Posted: 04 May 2017 10:31
by PaperTronics
Try my code again, it should runs pretty decent now.
It did get a slight bit faster
Re: How to extract data from website?
Posted: 04 May 2017 11:37
by Aacini
PaperTronics wrote:I wasn't able to read clearly since CMD was shutting down every time because of the error. I saved it with .BAT extension and output.txt was just a blank file. CMD says something like "Conditional Compiling is turned off"
PaperTronics
A couple points here:
In the very first place, you should run any problematic Batch file opening a cmd.exe window (the way to do that vary by Windows versions), then execute a CD command to the directory where the Batch file is, and finally run it entering its name. In this way any message remains in the screen, so you may paste it (via a right button click -> Mark), select the desired text pressing Shift key or left button, and press Enter key to end. After that, you may copy such a text. Do NOT run the Batch file from the explorer via a double-click on it.
Accordingly to the documentation, this error should not occur:
the documentation wrote:Conditional compilation is activated by using the @cc_on statement, or using an @if or @set statement.

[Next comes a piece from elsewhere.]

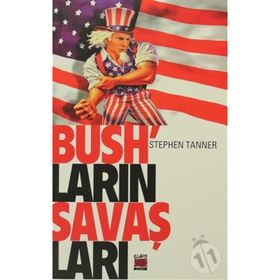 BUSH'LARIN SAVAŞLARI - STEPHEN TANNER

Please, try this version of the code:
Code: Select all
@if (@CodeSection == @Batch) @then
@echo off
cscript //nologo //E:JScript "%~F0" < Doc.txt > output.txt
goto :EOF
@end
var search = /http:\/\/www\.mediafire\.com[^"]*/g, file = WScript.StdIn.ReadAll(), match;
while ( match = search.exec(file) ) WScript.Stdout.WriteLine(match[0]);
If still don't works,
post the output from the command-line window...
Antonio
Re: How to extract data from website?
Posted: 09 May 2017 07:08
by PaperTronics
The error states
Code: Select all
C:\Users\pratik\Desktop\BatchStore\DummyBase.bat(1, 6) Microsoft JScript compila
tion error: Conditional compilation is turned off
Re: How to extract data from website?
Posted: 10 May 2017 12:35
by Hackoo
Hi
Just give a try with this batch file :
Code: Select all
@echo off
Title Extract Mediafire href links by Hackoo 2017
mode con cols=70 lines=3 & color 9E
Set "vbsfile=%tmp%\%~n0.vbs"
Set "InputFile=Doc.txt"
Set "OutPutFile=All_Links.txt"
set "MediaFireLinks=MediaFireLinks.txt"
echo(
echo Please wait a while ... Extracting is in progress ...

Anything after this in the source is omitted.